Fri, 03 Jul 2020 - 11:40 GMT
Egypt’s Minister of Water Resources and Irrigation during the Grand Ethiopian Renaissance Dam talks, Friday, 3 July 2020 - Press photo
CAIRO – 3 July 2020: Substantial differences between Egypt, Sudan, and Ethiopia were found during reviewing the three countries stances regarding the Grand Ethiopian Renaissance Dam (GERD) talks on the technical and legal levels; Egypt’s Ministry of Water Resources and Irrigation said.
In an official statement, spokesperson Mohamed al-Sebaay said that GERD negotiations were resumed on Friday as a continuation of June 26 African mini-summit held under the auspices of the African Union which is currently headed by South Africa President, Cyril Ramaphosa.
Representatives of the United States of America, the European Union, South Africa, the African Union Office, and legal experts from the African Union, attended the meeting; Sebaay said.
He noted that the talks tackled filling and operating the dam.

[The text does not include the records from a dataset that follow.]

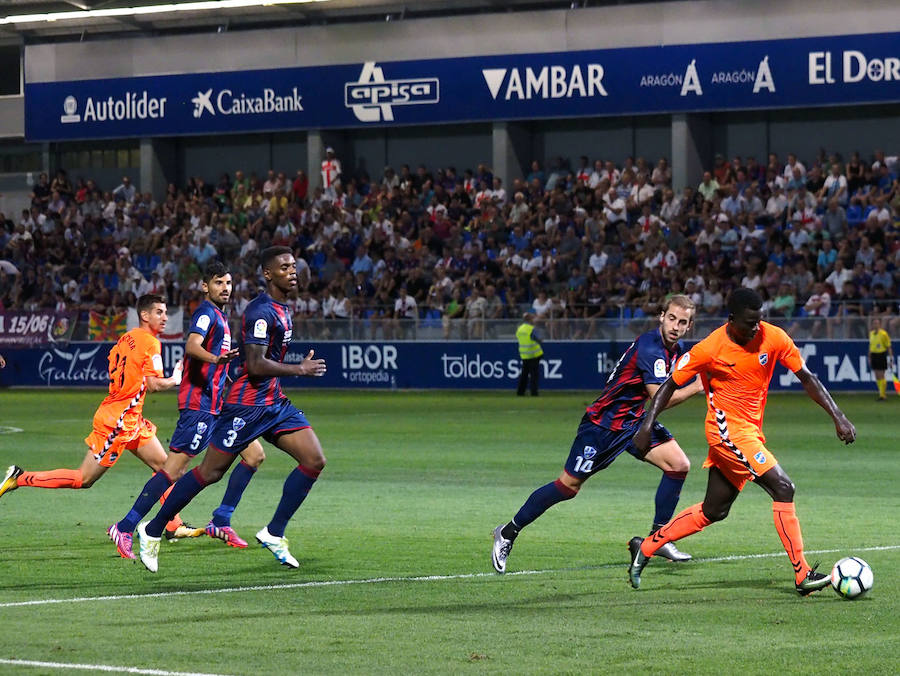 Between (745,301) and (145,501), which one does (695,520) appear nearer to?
(745,301)

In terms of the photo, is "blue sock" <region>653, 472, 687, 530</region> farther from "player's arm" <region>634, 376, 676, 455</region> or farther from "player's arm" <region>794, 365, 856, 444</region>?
"player's arm" <region>794, 365, 856, 444</region>

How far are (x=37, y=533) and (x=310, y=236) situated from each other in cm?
3122

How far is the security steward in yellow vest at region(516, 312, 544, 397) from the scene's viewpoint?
117 ft

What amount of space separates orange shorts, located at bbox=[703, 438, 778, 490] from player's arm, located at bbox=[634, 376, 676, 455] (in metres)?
0.38

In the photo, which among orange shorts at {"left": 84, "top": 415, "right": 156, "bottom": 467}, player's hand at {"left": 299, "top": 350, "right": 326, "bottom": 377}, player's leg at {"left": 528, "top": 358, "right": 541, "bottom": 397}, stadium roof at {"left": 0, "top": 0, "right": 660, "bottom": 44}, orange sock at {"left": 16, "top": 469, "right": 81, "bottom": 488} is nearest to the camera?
player's hand at {"left": 299, "top": 350, "right": 326, "bottom": 377}

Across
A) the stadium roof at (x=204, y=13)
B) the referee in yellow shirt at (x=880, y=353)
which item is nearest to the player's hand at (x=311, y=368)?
the referee in yellow shirt at (x=880, y=353)

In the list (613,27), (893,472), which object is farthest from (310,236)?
(893,472)

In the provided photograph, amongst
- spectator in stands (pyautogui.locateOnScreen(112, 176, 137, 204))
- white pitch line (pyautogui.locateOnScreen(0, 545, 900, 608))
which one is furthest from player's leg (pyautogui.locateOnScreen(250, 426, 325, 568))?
spectator in stands (pyautogui.locateOnScreen(112, 176, 137, 204))

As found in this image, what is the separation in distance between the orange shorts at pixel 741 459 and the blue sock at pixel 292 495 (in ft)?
9.29

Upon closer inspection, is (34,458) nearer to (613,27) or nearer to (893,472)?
(893,472)

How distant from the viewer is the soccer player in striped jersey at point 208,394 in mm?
11852

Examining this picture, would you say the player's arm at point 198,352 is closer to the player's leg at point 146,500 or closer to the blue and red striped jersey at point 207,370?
the blue and red striped jersey at point 207,370

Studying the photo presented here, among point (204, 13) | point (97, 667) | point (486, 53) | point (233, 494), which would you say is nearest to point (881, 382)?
point (486, 53)

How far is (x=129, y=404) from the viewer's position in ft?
42.1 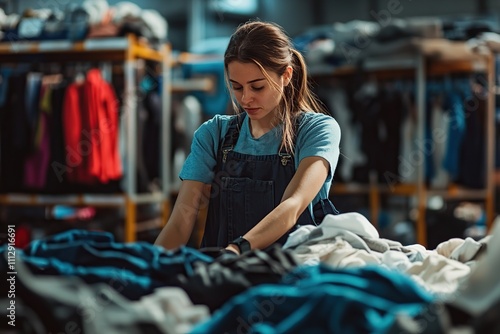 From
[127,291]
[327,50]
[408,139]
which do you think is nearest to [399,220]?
[408,139]

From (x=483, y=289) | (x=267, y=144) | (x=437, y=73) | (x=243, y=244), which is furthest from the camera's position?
(x=437, y=73)

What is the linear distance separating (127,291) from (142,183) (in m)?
4.05

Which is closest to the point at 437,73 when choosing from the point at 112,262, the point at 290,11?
the point at 290,11

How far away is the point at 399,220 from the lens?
6.13m

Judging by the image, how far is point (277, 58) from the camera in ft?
7.11

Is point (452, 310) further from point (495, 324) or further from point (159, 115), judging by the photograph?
point (159, 115)

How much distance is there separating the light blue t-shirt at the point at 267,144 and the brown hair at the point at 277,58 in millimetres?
44

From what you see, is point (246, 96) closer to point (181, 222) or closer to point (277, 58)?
point (277, 58)

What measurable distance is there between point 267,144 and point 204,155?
7.8 inches

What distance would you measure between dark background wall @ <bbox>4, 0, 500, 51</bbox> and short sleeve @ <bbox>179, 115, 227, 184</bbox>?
6.35m

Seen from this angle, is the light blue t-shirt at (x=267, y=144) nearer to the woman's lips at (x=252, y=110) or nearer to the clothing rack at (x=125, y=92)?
the woman's lips at (x=252, y=110)

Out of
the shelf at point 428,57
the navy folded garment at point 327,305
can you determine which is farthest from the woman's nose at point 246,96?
the shelf at point 428,57

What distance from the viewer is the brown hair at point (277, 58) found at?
2.13 meters

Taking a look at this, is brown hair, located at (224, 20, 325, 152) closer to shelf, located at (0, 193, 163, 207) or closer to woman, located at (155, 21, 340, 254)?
woman, located at (155, 21, 340, 254) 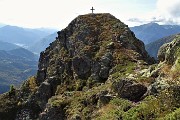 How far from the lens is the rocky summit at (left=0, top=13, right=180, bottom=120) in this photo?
42.6 metres

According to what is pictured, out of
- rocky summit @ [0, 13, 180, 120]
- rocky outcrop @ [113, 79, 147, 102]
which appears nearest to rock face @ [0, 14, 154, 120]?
rocky summit @ [0, 13, 180, 120]

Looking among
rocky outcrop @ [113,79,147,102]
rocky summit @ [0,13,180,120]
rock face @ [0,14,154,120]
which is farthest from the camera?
rock face @ [0,14,154,120]

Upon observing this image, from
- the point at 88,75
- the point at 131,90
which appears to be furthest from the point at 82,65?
the point at 131,90

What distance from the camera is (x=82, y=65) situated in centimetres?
7794

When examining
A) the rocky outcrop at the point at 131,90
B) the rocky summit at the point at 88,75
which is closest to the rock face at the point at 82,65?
the rocky summit at the point at 88,75

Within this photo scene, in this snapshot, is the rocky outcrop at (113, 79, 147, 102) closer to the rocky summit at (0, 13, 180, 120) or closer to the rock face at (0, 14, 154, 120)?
the rocky summit at (0, 13, 180, 120)

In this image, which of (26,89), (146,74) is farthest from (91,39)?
(146,74)

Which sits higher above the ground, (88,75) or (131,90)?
(131,90)

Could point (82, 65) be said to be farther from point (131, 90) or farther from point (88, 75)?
point (131, 90)

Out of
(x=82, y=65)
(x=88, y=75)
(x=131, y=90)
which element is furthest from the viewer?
(x=82, y=65)

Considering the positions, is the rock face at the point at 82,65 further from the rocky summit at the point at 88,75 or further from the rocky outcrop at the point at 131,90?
the rocky outcrop at the point at 131,90

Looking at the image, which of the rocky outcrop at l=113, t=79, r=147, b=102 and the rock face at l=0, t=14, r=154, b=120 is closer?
the rocky outcrop at l=113, t=79, r=147, b=102

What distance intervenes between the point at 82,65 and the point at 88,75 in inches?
150

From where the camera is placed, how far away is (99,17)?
96.2m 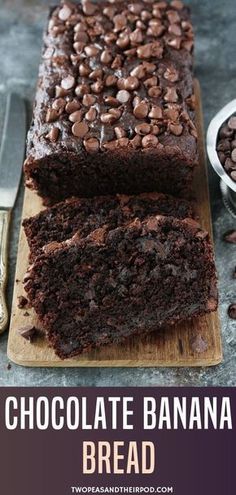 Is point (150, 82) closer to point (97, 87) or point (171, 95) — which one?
point (171, 95)

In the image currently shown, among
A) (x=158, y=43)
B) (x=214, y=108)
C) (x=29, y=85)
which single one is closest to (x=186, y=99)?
(x=158, y=43)

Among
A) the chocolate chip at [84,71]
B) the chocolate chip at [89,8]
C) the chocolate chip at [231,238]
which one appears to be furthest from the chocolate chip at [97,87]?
the chocolate chip at [231,238]

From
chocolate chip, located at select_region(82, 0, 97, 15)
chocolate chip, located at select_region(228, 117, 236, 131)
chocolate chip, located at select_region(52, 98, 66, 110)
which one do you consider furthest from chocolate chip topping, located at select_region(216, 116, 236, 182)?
chocolate chip, located at select_region(82, 0, 97, 15)

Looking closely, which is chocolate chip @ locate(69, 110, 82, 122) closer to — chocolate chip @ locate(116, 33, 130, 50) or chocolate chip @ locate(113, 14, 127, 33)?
chocolate chip @ locate(116, 33, 130, 50)

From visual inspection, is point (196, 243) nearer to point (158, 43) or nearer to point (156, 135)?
point (156, 135)

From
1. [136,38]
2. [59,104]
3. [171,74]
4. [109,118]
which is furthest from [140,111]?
[136,38]

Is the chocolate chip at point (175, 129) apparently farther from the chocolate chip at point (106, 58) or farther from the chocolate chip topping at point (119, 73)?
the chocolate chip at point (106, 58)

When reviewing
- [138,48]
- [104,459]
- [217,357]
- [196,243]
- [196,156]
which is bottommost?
[104,459] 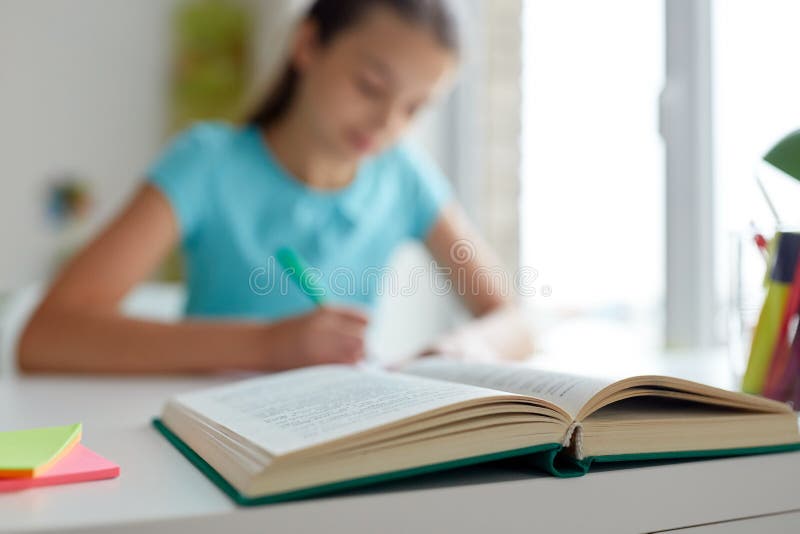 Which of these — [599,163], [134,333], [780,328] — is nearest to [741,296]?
[780,328]

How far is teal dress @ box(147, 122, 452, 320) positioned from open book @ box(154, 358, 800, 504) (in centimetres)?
69

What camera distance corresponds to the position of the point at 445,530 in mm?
368

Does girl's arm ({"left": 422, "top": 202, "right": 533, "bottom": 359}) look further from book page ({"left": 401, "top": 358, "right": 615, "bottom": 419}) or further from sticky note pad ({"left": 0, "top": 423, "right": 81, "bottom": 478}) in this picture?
sticky note pad ({"left": 0, "top": 423, "right": 81, "bottom": 478})

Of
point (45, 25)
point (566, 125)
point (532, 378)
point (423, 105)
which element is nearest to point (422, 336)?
point (566, 125)

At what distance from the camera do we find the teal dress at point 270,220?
3.87 ft

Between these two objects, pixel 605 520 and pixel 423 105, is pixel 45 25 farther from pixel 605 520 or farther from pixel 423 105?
pixel 605 520

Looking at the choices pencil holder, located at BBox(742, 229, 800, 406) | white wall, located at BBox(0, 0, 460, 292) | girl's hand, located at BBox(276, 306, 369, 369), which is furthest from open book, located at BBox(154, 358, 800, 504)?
white wall, located at BBox(0, 0, 460, 292)

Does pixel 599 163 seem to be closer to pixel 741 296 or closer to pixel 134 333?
pixel 741 296

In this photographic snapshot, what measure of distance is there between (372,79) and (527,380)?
0.69 m

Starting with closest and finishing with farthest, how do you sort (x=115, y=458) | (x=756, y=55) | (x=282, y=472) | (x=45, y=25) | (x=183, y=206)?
(x=282, y=472), (x=115, y=458), (x=183, y=206), (x=756, y=55), (x=45, y=25)

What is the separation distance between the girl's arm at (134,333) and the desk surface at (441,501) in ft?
1.07

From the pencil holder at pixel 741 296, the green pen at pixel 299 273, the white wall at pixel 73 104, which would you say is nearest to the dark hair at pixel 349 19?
the green pen at pixel 299 273

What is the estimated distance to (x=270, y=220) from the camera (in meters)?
1.25

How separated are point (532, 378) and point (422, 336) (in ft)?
5.64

All three countries discussed their stances and positions regarding the dam, which exposed ‘substantial differences between the three countries on both of the technical and legal levels’, according to the statement.
The negotiations are expected to be resumed, Saturday with same mechanism and in presence of observers and experts.
On June 27, Egypt, Sudan and Ethiopia agreed, on forming an African Union-sponsored committee grouping legal and technical experts from the three countries to draft a final binding deal on the GERD and avoid any unilateral action including the dam's filling before finalizing an agreement.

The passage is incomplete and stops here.